Using the records below, copy exactly the part that opens with the line holding "De inchiriat |" and closes with the line holding "Apartamento 006 - Infinity", minus the pictures.

START DATA FOR REVIEW

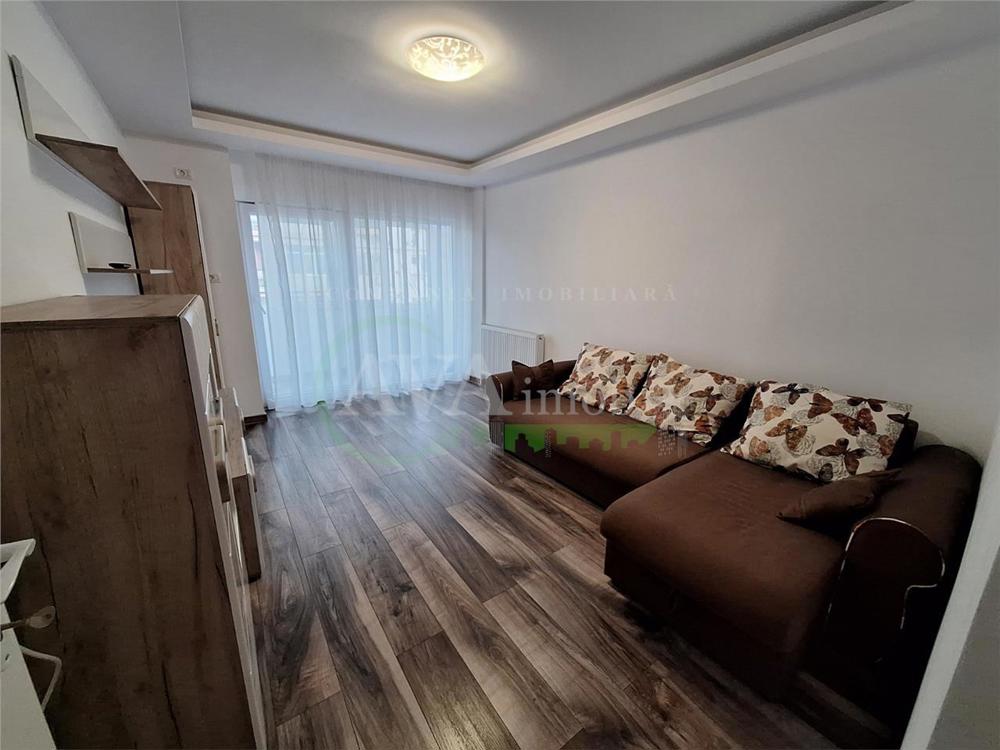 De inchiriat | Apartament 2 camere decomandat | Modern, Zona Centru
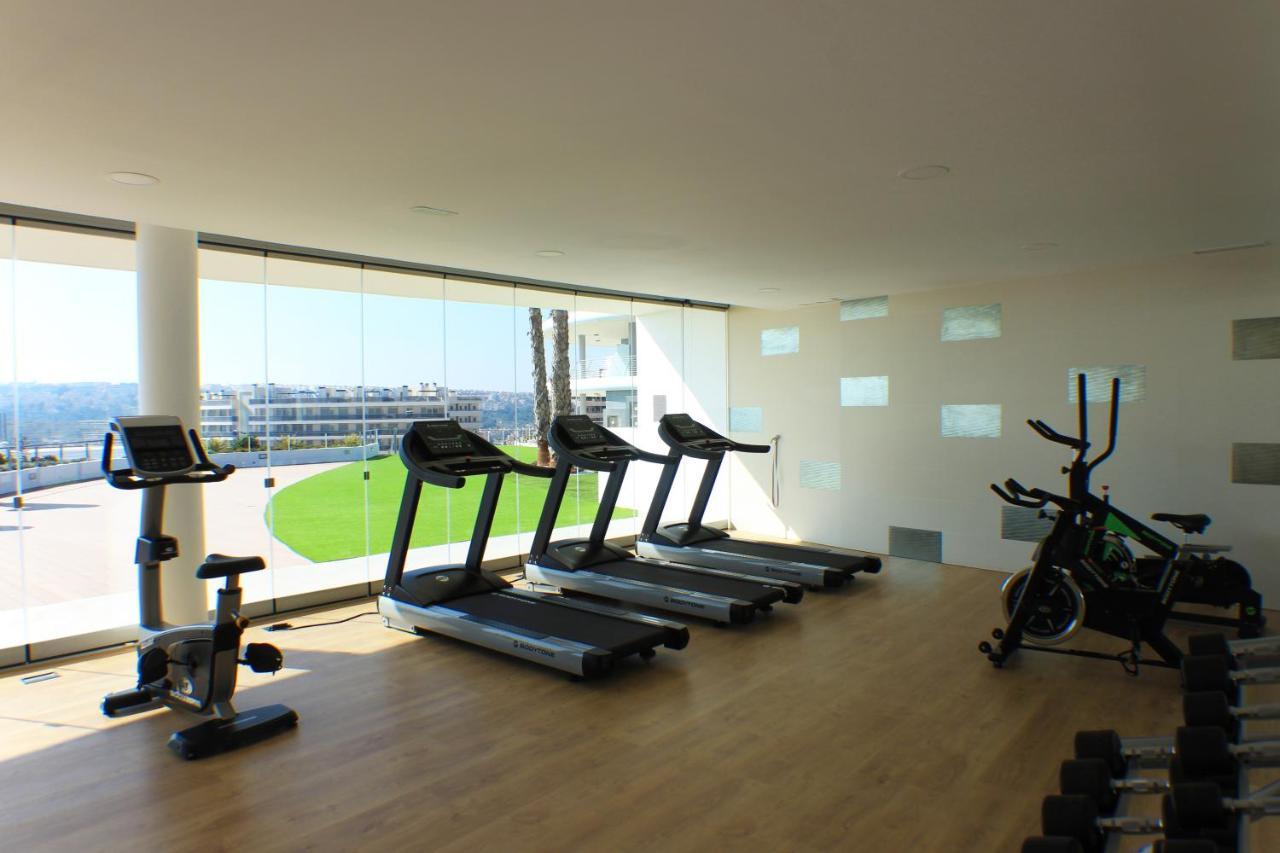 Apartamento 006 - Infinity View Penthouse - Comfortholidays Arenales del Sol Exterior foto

END DATA FOR REVIEW
START DATA FOR REVIEW

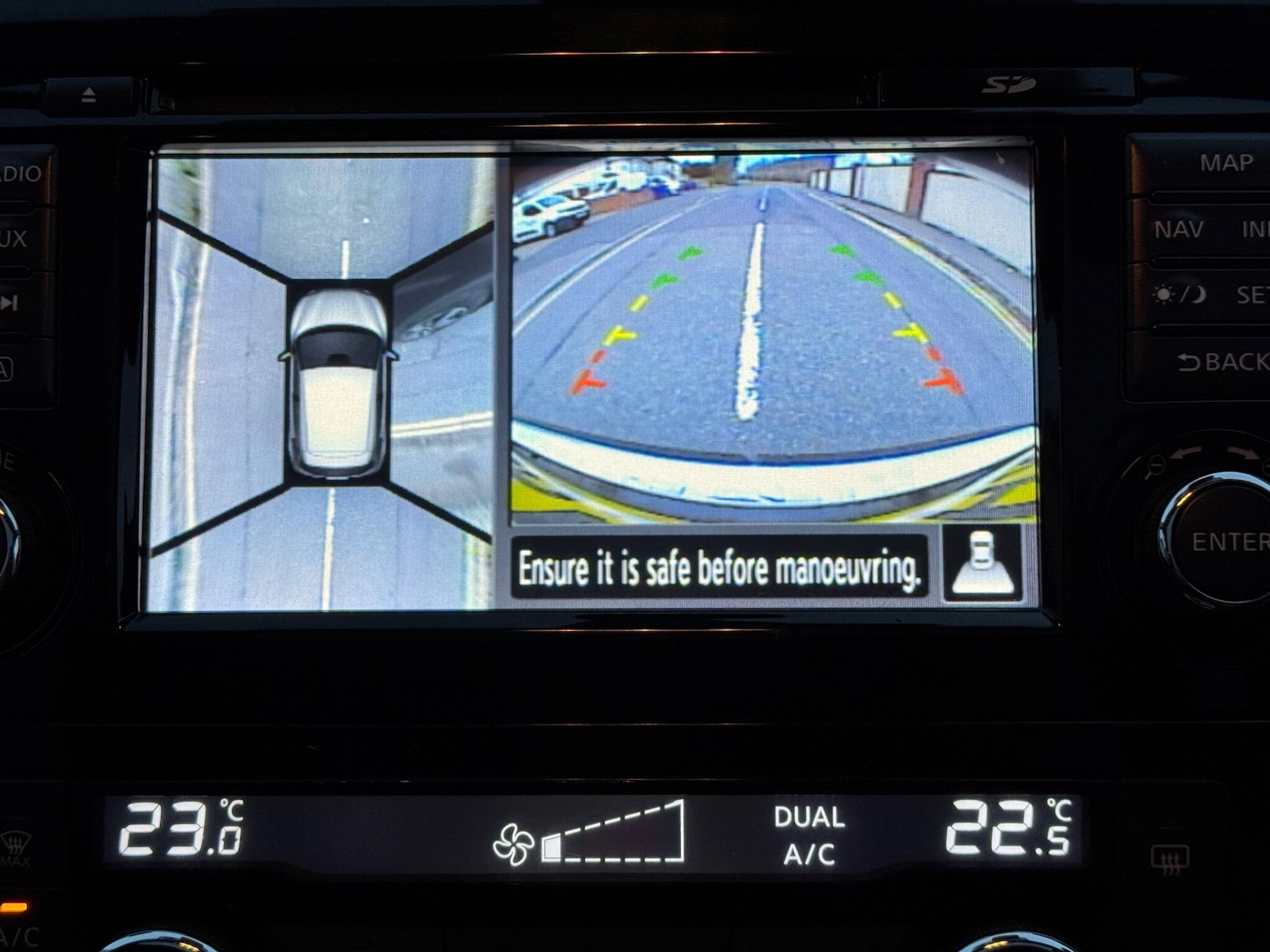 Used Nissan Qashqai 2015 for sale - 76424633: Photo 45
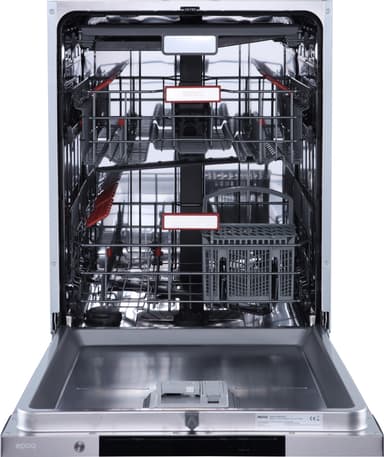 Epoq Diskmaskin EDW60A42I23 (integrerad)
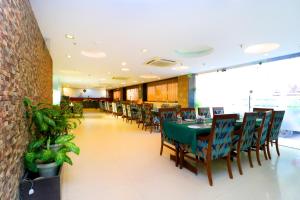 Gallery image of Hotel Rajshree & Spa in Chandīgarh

END DATA FOR REVIEW

* _WRITTEN RESPONSE_
 De inchiriat | Apartament 2 camere decomandat | Modern, Zona Centru
 Apartamento 006 - Infinity View Penthouse - Comfortholidays Arenales del Sol Exterior foto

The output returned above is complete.